ABOUT THIS TASK. From the line that contains "公司转让协议书_1.docx" through the last line of the data, copy everything exactly and nothing else, omitting the pictures.

DATASET EXTRACT.
--- START ---
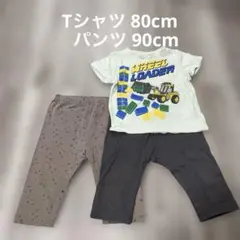 Tシャツ ズボン まとめ売り 80 90 レゴ UNIQLO ユニクロ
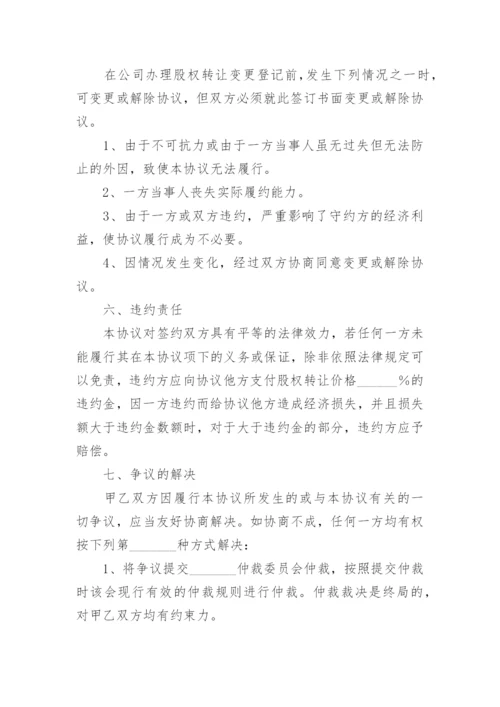 公司转让协议书_1.docx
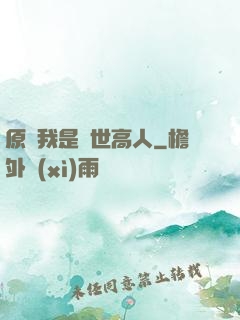 原來我是隱世高人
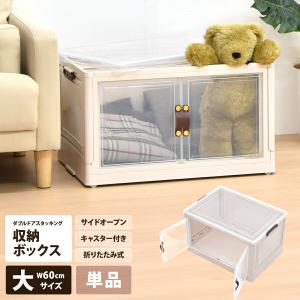 SPACE MADE 折りたたみコンテナ 46L グレー 耐荷重約35kg コンテナ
--- END ---
PROBLEM SOLUTION.
 公司转让协议书_1.docx
 原來我是隱世高人
 SPACE MADE 折りたたみコンテナ 46L グレー 耐荷重約35kg コンテナ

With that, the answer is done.